RECORDS
● ● ● ● ● ● ●

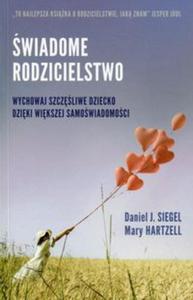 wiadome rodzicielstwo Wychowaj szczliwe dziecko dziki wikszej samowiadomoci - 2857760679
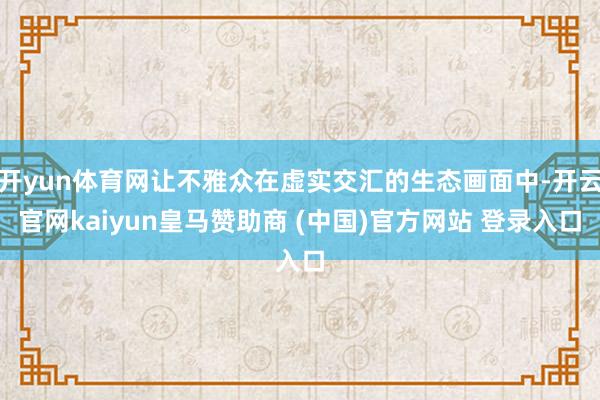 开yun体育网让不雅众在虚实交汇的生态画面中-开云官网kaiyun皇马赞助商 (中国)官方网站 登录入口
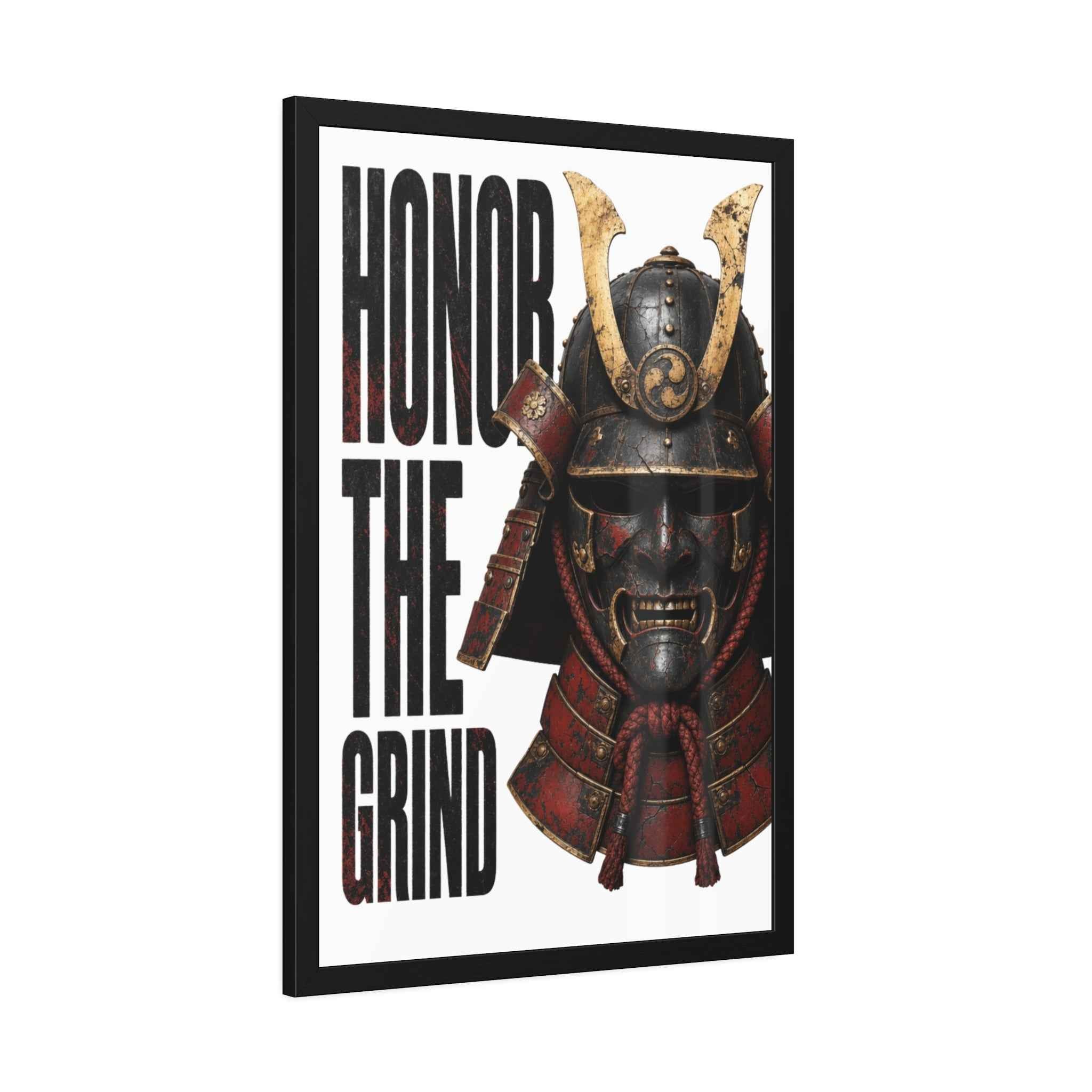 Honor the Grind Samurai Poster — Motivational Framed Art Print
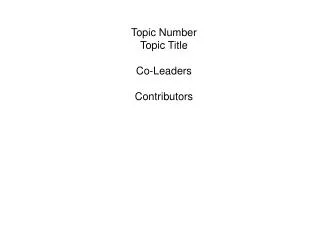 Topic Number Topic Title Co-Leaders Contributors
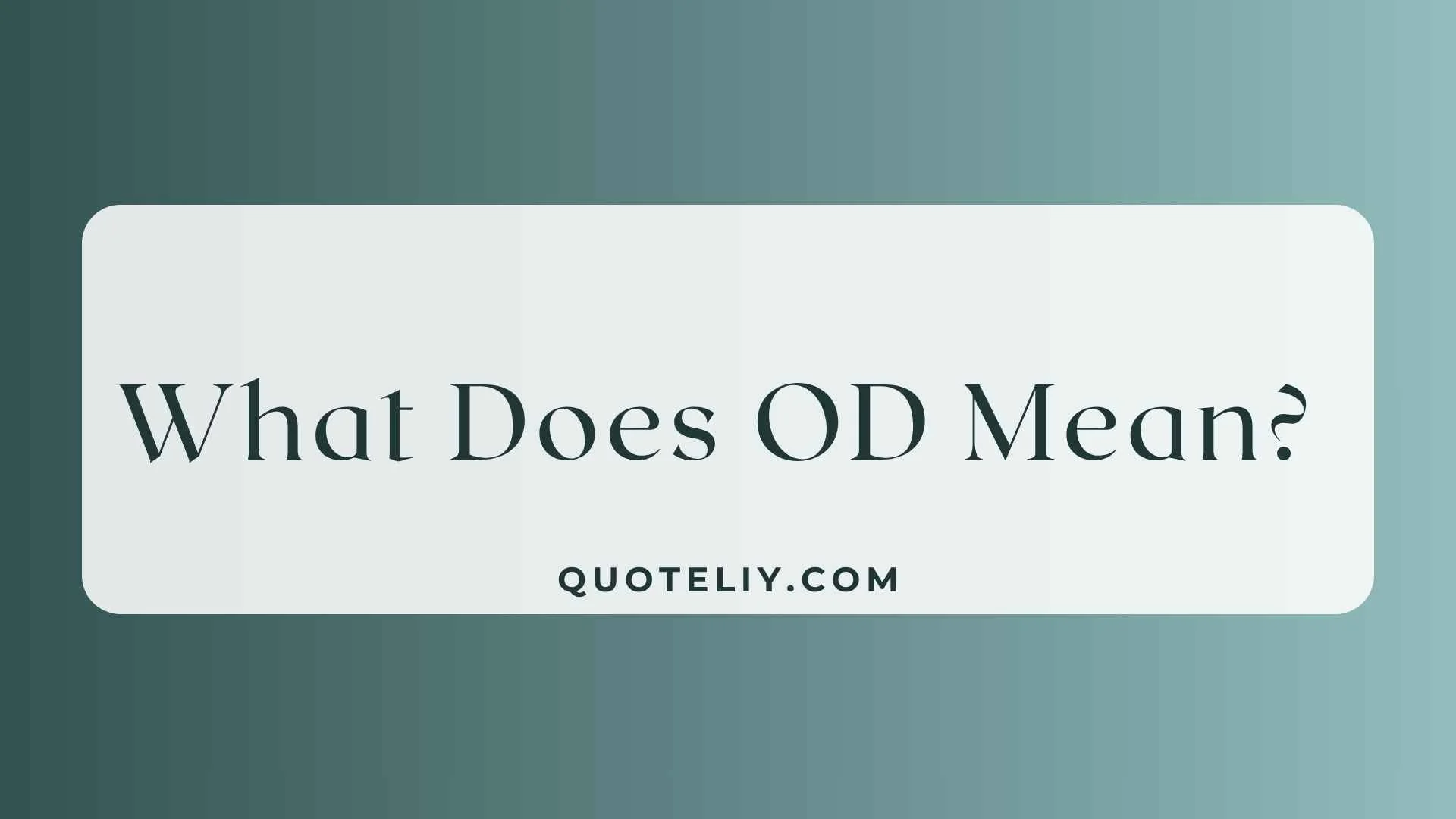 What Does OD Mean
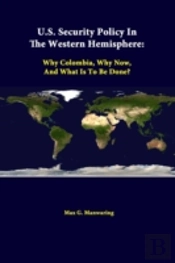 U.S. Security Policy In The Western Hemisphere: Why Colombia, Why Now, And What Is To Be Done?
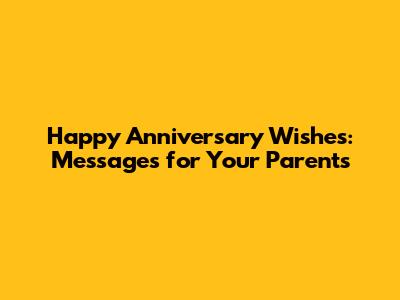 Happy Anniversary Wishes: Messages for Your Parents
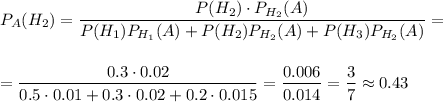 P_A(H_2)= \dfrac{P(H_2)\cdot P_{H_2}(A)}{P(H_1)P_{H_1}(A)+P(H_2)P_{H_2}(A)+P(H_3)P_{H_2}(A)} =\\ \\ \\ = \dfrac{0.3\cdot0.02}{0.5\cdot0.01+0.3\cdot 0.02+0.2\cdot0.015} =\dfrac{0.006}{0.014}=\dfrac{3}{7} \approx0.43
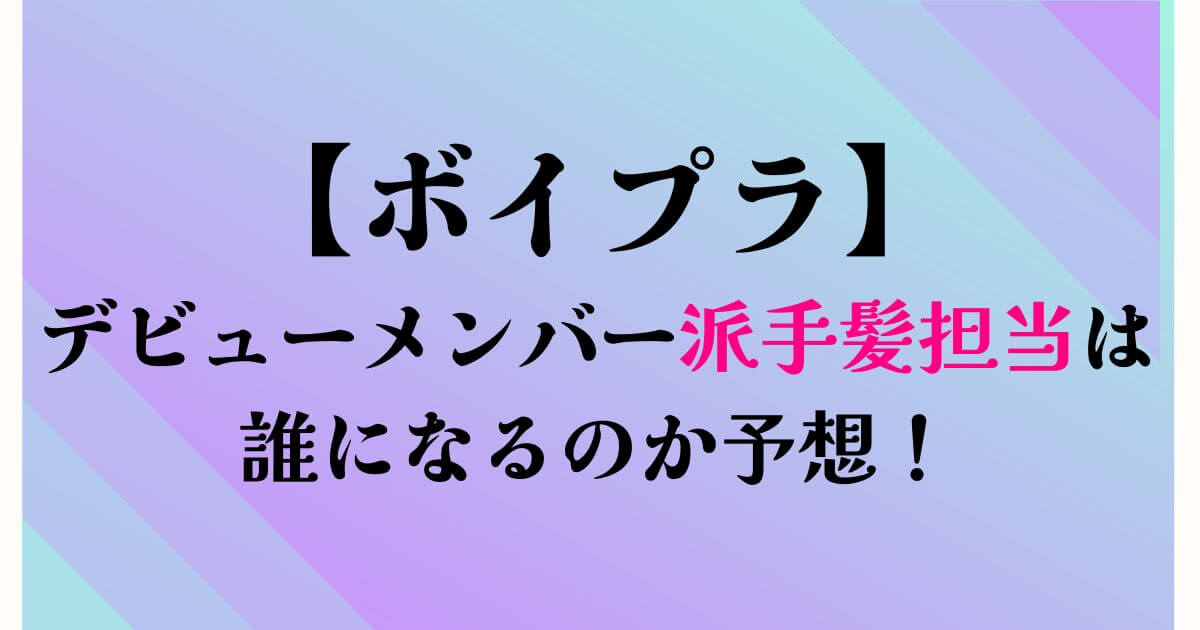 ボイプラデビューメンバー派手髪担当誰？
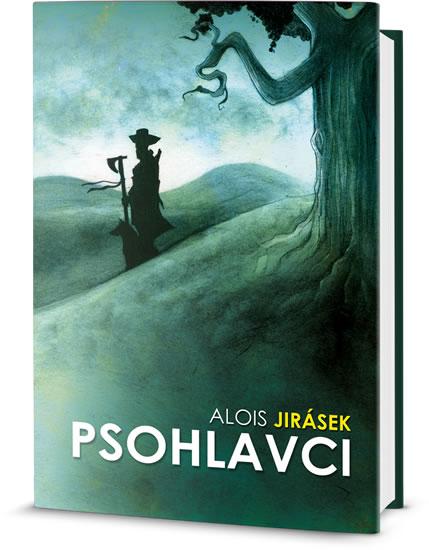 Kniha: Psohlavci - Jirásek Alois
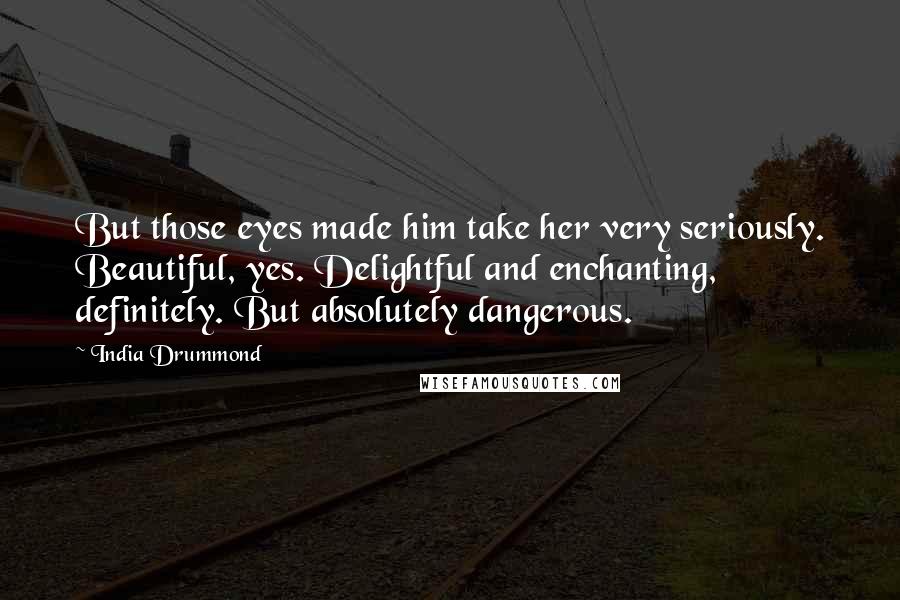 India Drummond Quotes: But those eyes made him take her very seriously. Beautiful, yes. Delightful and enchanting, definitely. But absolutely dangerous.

● ● ● ● ● ● ●

Leave every picture out and copy precisely the lines from the one containing "U.S. Security Policy" through the last line of the data above, both ends included.

OUTPUT OF THE TASK
 U.S. Security Policy In The Western Hemisphere: Why Colombia, Why Now, And What Is To Be Done?
 Happy Anniversary Wishes: Messages for Your Parents
 P_A(H_2)= \dfrac{P(H_2)\cdot P_{H_2}(A)}{P(H_1)P_{H_1}(A)+P(H_2)P_{H_2}(A)+P(H_3)P_{H_2}(A)} =\\ \\ \\ = \dfrac{0.3\cdot0.02}{0.5\cdot0.01+0.3\cdot 0.02+0.2\cdot0.015} =\dfrac{0.006}{0.014}=\dfrac{3}{7} \approx0.43
 ボイプラデビューメンバー派手髪担当誰？
 Kniha: Psohlavci - Jirásek Alois
 India Drummond Quotes: But those eyes made him take her very seriously. Beautiful, yes. Delightful and enchanting, definitely. But absolutely dangerous.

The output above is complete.